Wacht das US-Establishment langsam auf?
Dass zumindest die Abgeordneten im Unterhaus des US-Kongresses durchaus gesunden Menschenverstand (sowie Ahnung von internationaler Politik und vom Militärwesen) ihr Eigen nennen, davon zeugen weitere im Entwurf für den Haushaltsplan enthaltenen Punkte. Ein Beispiel ist ein Verbot für die Inbereitschaftnahme des Wasserstoffsprengkopfes W76-2 mit der geringen Sprengkraft von lediglich fünf bis sechs Kilotonnen im Trotyl-Äquivalent für das kommende Haushaltsjahr gemäß Abschnitt 1646 des Entwurfs. Mit diesen Sprengköpfen sollte ursprünglich schon ab dem Jahr 2019 ein Teil der interkontinentalen ballistischen Raketen UGM 133A Trident II (D5) nachgerüstet werden.

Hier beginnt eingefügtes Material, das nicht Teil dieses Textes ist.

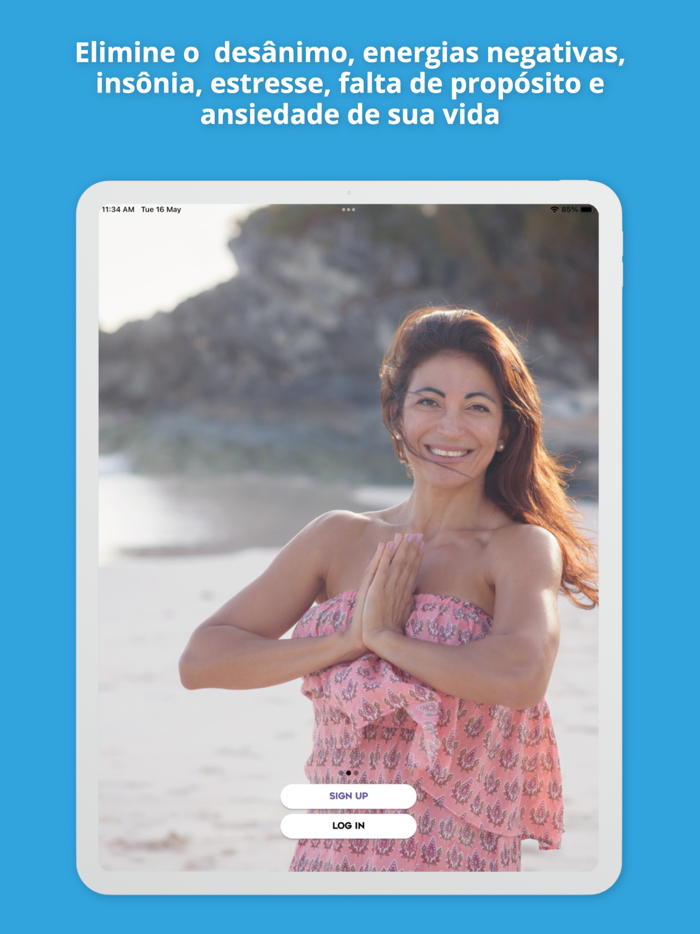 Pura Energia Positiva Premium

Anhand der bereits angeführten Punkte kann man vermuten, dass das Unterhaus im Großen und Ganzen die Ansicht Russlands teilt, wonach die Ausrüstung strategischer Raketen mit "nicht-strategischen" nuklearen Sprengköpfen nicht zu einem Mehr an Abschreckung beiträgt, sondern im Gegenteil, durch ein Absenken der Schwelle eines Einsatzes, die Wahrscheinlichkeit einer nuklearen Auseinandersetzung erhöht. Möglicherweise will man aber auch schlicht Kosten sparen, um Mittel für militärisch dringlichere Dinge ausgeben zu können.
Noch deutlich handfester ist der direkt darauf folgende Abschnitt 1647. Darin wird vom US-Verteidigungsminister verlangt, in Absprache mit dem Außenminister einen Bericht vorzulegen, worin die Notwendigkeit, Vorteile und Kosten einer "Diskussion" im Format "Militär zu Militär" zwischen den USA einerseits und Russland, Iran, China und Nordkorea andererseits abgeschätzt werden sollen. Thema einer solchen Diskussion sollen die Risiken einer nuklearen Auseinandersetzung und eine Minimierung dieser Risiken werden.
Alles in allem scheint dem US-Establishment zu dämmern, welch eine Büchse der Pandora US-Außenminister Mike Pompeo mit dem einseitigen Austritt aus dem INF-Vertrag Anfang des Jahres öffnete. Bleibt nur zu hoffen, dass auch der Senat und US-Präsident Donald Trump die Sorgen des Repräsentantenhauses verstehen, teilen und dementsprechend handeln werden.